Rabu, 07 Mei 2008

Penelitian atas undang-undang politik baru ini, mengungkap bahwa pemilu mendatang tidak akan jauh berbeda dengan pemilu yang telah diselenggarakan di bawah rejim Suharto. Pemerintah Australia bersama kekuatan-kekuatan besar lainnya, telah membantu Suharto bertahun-tahun dan menerima pemilu 'buatan'-nya. Downer mengkhawatirkan apabila 'komunitas internasional' tidak memberikan 'dukungan dan dorongan' yang diperlukan, pemilu mendatang, secara meluas, akan dilihat sebagai pemilu yang tidak memiliki legitimasi dan tidak demokratis.
Penyelenggaraan pemilu mendatang mengambil kerangka dasar secara keseluruhan dari Undang-undang Dasar 45 (UUD '45), yang memberlakukan dua badan perwakilan, yaitu Majelis Permusyawaratan Rakyat (MPR) dan Dewan Perwakilan Rakyat (DPR). Presiden, yang memiliki kekuasaan luas untuk memerintah dengan kekuatan kewenangan hukum, dan berkuasa untuk menunjuk serta memberhentikan menteri, tidak dipilih melalui pemilihan langsung, melainkan dari Sidang Umum MPR.
Di bawah rejim Suharto, badan perwakilan yang hanya berfungsi sebagai organ 'bawahan', berisikan orang-orang yang ditunjuk presiden termasuk sejumlah pejabat tinggi militer. Badan-badan perwakilan ini tidak banyak berperan dalam pemerintahan sehari-harinya, dan jarang sekali menggunakan kekuasaan legislatifnya. MPR yang telah menunjuk Suharto dalam 7 masa jabatan, terdiri dari 500 anggota DPR, hanya 400 dari mereka yang dipilih, dan 500 lainnya ditunjuk.
Hanya tiga partai -- yakni Golongan Karya (Golkar), Partai Demokrasi Indonesia (PDI), dan Partai Persatuan Pembangunan (PPP) -- yang secara resmi diperbolehkan untuk mengajukan kandidat. Aparat negara memeriksa dengan cermat semua kandidat, materi pemilu dari parpol, termasuk pidato, rapat akbar, dll. Golkar dipastikan sebagai mayoritas dengan 70 s.d. 80 persen suara, karena itu merupakan satu-satunya partai yang diperbolehan melakukan pengorganisasian di daerah pedesaan. Sebagai tambahan, jutaan pegawai negeri termasuk keluarga militer harus bergabung dan memilih Golkar.
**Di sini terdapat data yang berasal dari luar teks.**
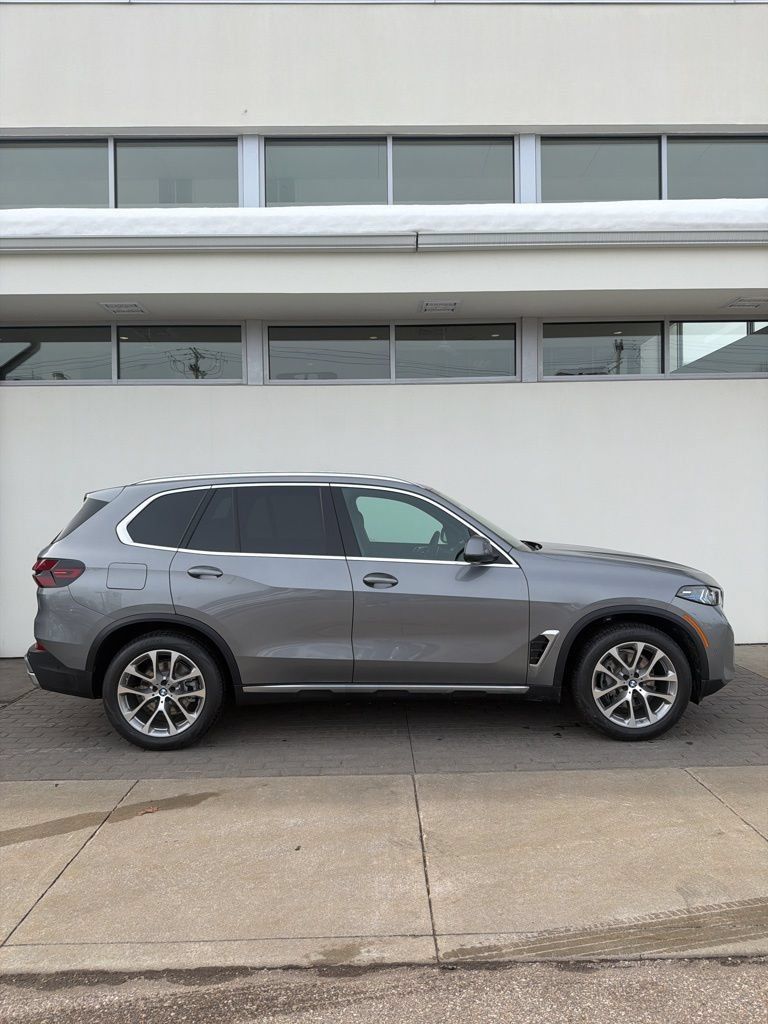 New 2026 BMW X5 xDrive40i AWD/4WD image 4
Tahun lalu, MPR tanpa sanggahan kembali menunjuk Suharto menjadi presiden dengan masa jabatan 5 tahun. Pada bulan Mei, kurang dari 4 bulan setelah penunjukkannya, ia dipaksa untuk mengundurkan diri. Badan perwakilan ini juga, yang menyusun kerangka dasar baru bagi pemilu mendatang, telah memprovokasi protes anti pemerintah besar-besaran pada November lalu di tengah Sidang Istimewa yang mereka selenggarakan. Diorganisasikan oleh pimpinan-pimpinan mahasiswa, demonstrasi di Jakarta dan kota-kota besar lainnya, telah mengikutsertakan puluhan ribu buruh dan bagian-bagian kalangan kelas menengah. Rejim Habibie menggunakan polisi dan tentara untuk menghadapi aksi protes tersebut, aparat keamanan tersebut melontarkan tembakan-tembakan dari jarak sangat dekat ke kerumunan massa, sehingga menewaskan dan melukai para demonstran.